Annem Hayriye hanımın da ilk evliliği bir subayla olmuş. Bu evlilikten iki çocuğu dünyaya gelmiş. Erkek Neşet, kız Nafia. Bu yavrucakların da henüz saçları bitmeden annem dul kalıyor.

Derken babamla annem evleniyor. Bu, ikisinin de ikinci evliliği. Selime ablam dünyaya geliyor. Nazime ablam veremden ölüyor. Şefik ağabeyim Harbiye öğrencisi. Birinci Dünya Savaşında son sınıftan alınıp cepheye gönderiliyor. Bir ay geçmeden şehit düşüyor. Neşet ağabeyim evleniyor, annemin torunu doğuyor. Büyükanne olduktan sonra annem bana hamile kalıyor. Beni düşürmeyi deniyor ama başaramıyor. Ailenin altıncı çocuğu olarak beni dünyaya getiriyor...

Babam öldü. Neşet ağabeyim babamı gömdükten bir süre sonra İstiklal Harbine katılmak üzere Bursa'dan ayrıldı...’’

* * *

İşte size ailenin kısacık öyküsü ve isimler. Bu iddia kimlerin hangi amaçlarına hizmet etti? Kendini savunması mümkün olmayan ölmüş bir insanın arkasından niçin ortaya atıldı?

Bilmiyorum, anlamıyorum.

Sabiha Gökçen'in aziz manevi varlığından özür diliyorum.



TURNİKELİ MECLİS


TBMM'nin her yerine şimdi akıllı kart uygulaması geliyor. Giriş kapılarından başlayarak bina, lokanta, otopark ve en önemlisi kulislere akıllı kartla giriş yapılacak.

Her milletvekiline bir kart verilecek, içeriye bu kartla giriş yapılacak.

Meclis kulisine de aynı yöntemle, turnikeden girilecek. Turnikeler kuruldu!

Genel Kurul Salonu'na girmek için önce kulisten geçeceksiniz. Kulis, Meclis'in ‘‘en önemli’’ yeri. Hemen Genel Kurul Salonu'nun bitişiğinde. Bakanlar, milletvekilleri, gazeteciler, ihale takipçileri, iş bitiriciler, iş isteyenler, danışmanlar, bürokratlar, korumalar, eski siyasetçiler, ricacılar, seçmenler, hep burada oluyor.

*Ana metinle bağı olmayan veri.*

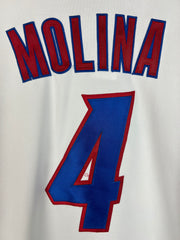 Vintage Y2K Majestic Authentic Yadier Molina Puerto Rico World Classic Baseball Jersey 2006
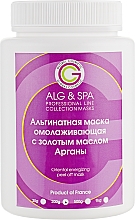 Düfte, Parfümerie und Kosmetik Alginate verjüngende Gesichtsmaske mit Arganöl - ALG & SPA Professional Line Collection Masks Oriental Energizing Peel off Mask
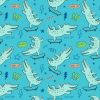American Touch Flannel | Crocodile Aqua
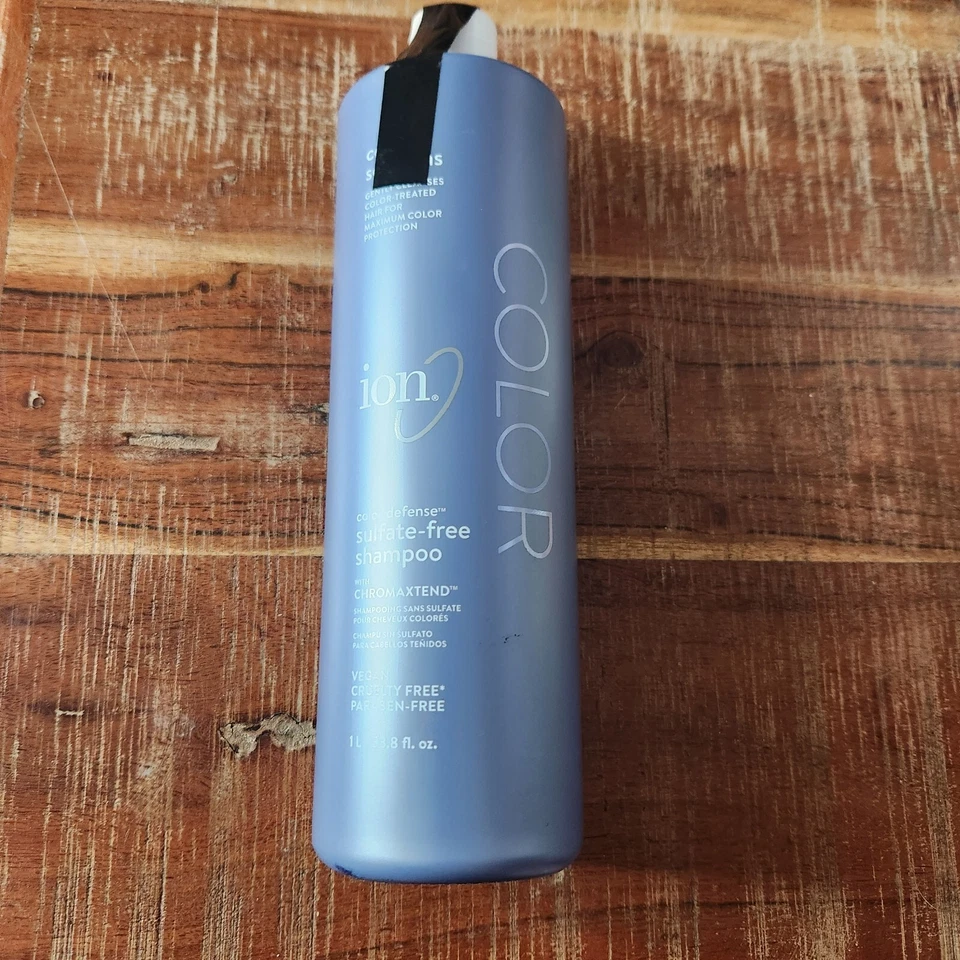 Ion color defense sulfate-free  for color treated Shampoo 33.8 oz/1 Liter NEW - Image 1 of 1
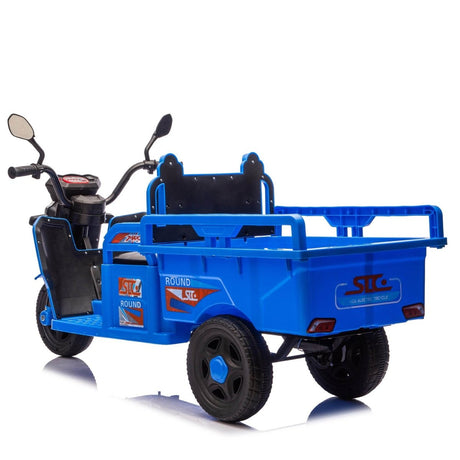 12V Kids Electric 3 - Wheel Cargo Truck With LED Lights - Veluna - Omega Lifestyles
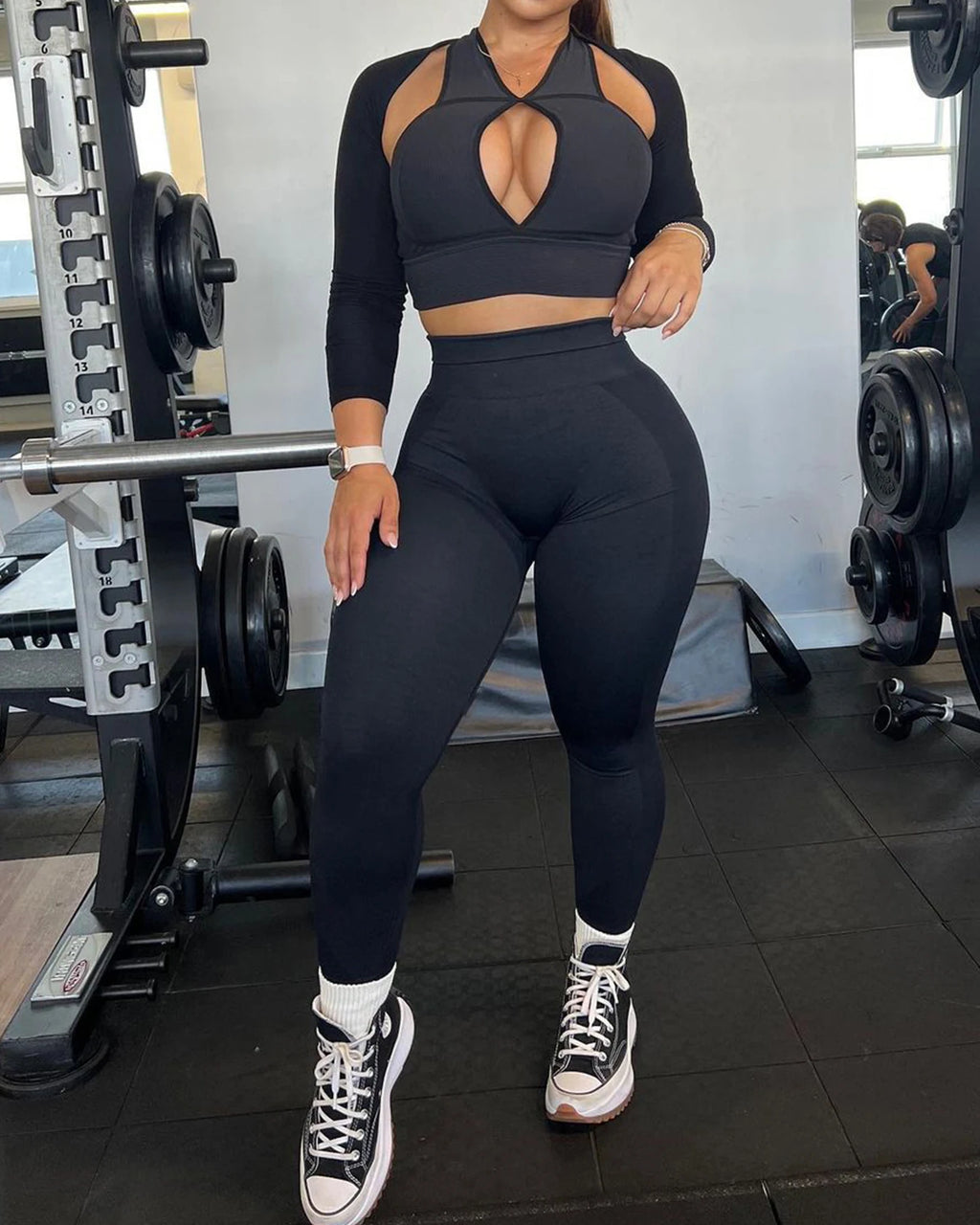Xooie Fit high intensity leggings for women in black, perfect for gym workouts and activewear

Kulise girmesi aslında yasak olanlar, bir milletvekilinin peşine takılıp onunla birlikte içeri dalıyor. Kulis hep kalabalık, hep ana baba günü.

Çaylar, kahveler, sigaralar kuliste içiliyor, sohbetlerin en güzeli orada yapılıyor. İçeride görüşmeler sürerken milletvekillerinin çoğu kuliste muhabbeti tercih ediyor.

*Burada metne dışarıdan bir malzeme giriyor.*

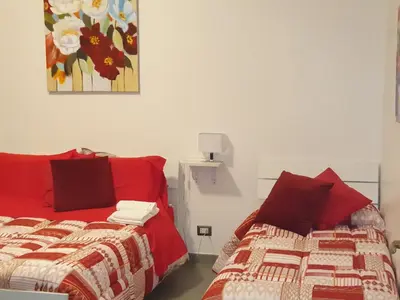 Letto o letti in una camera di Terra di Venere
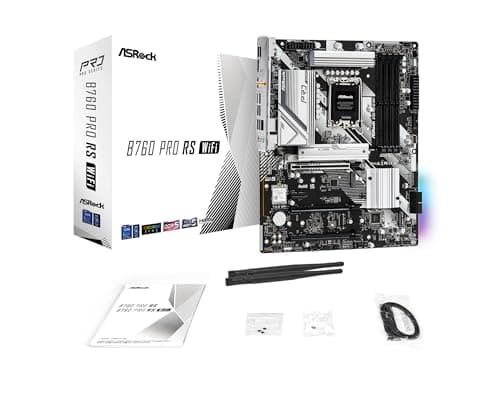 ASRock B760 Pro RS/D4 WiFi White - Motherboard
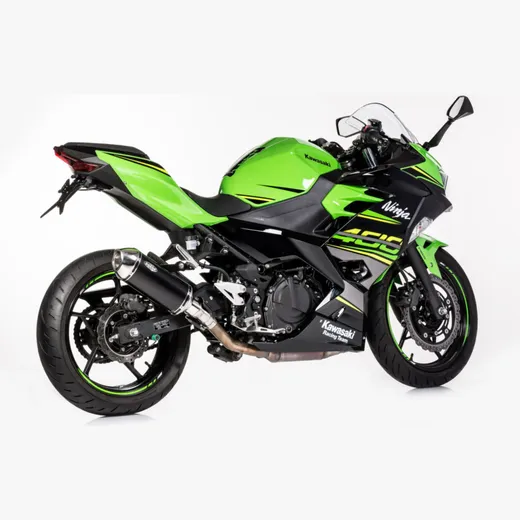 DSX-5 slip on exhaust super short - black for: KAWASAKI Ninja 400 EX400G, Z400 ER400D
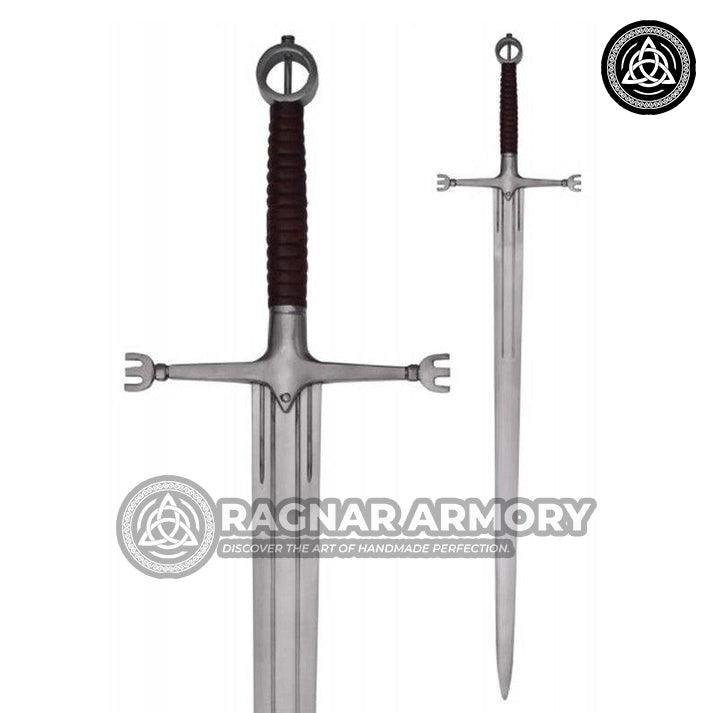 RA-90 Viking Battle Sword, Legendary Viking Swords, Runic Viking Battle Sword, Authentic Viking Swords, Gift For Him, Gift For Men, Wall Hanging Unique Idea, Best Wall Decorate Idea, Christmas Gift. - Ragnar Armoury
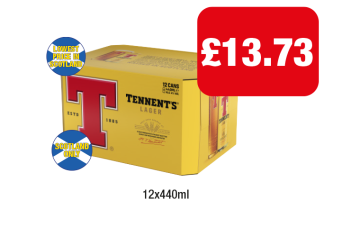 Tennents - Now Only £13.73 at Family Shopper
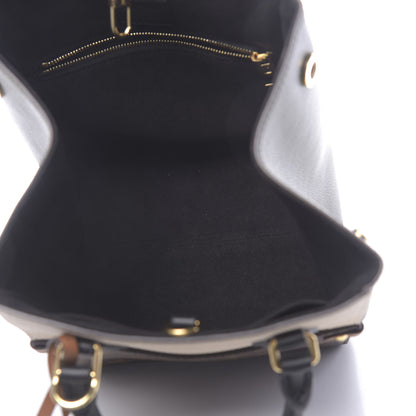 Louis Vuitton Calfskin Monogram Fold Tote Black Khaki Cream 5 of 9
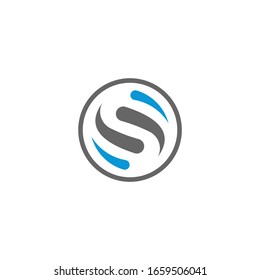 S logo vector icon download template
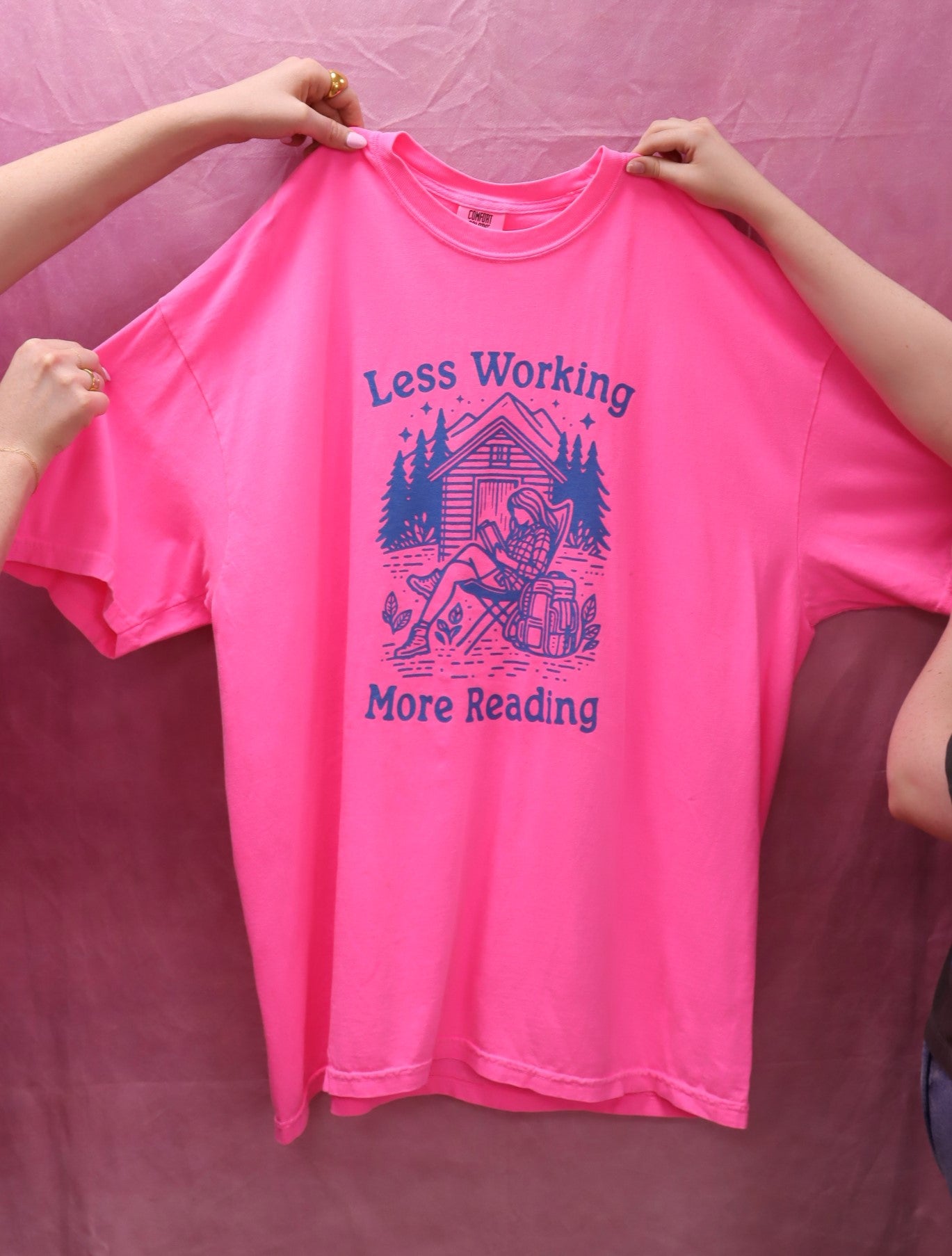 "Less Working, More Reading" Screen-printed Shirts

Şimdi kulislere turnikeler kuruldu. Akıllı kartı gösterip turnikeden içeri gireceksiniz. Amaç, yasaklıların girmesini önlemek! Ama her turnikenin başında bir polis duracak. Polisin de elinde kart olacak. Milletvekili adamını, yakınını getirdiğinde, hangi polis hangi gücüyle onu geri çevirecek! Her milletvekili, istediği kişileri yanında getirip yine kulise sokacak.

Başka bir husus: Milletin vekilleri odalarında oturuyor, oylama başlamak üzere iken koşa koşa kulise doğru harekete geçiyorlar.

Eyvah, turnikelerde bir anda kalabalık birikecek, yığılma olacak!

Metro istasyonu, otobüs durağı gibi!

Acaba amaç, bir süre sonra gazetecilerin kulise girmesini yasaklamak, ya da kısıtlamak mı? Göreceğiz!

Yeni uygulamayla Türk Parlamentosu, belki de dünyada bir ilk'e imza atmış olacak.

Yasama görevini yapmak için içeriye akıllı kartla turnikeden geçerek girebilen milletvekilleri!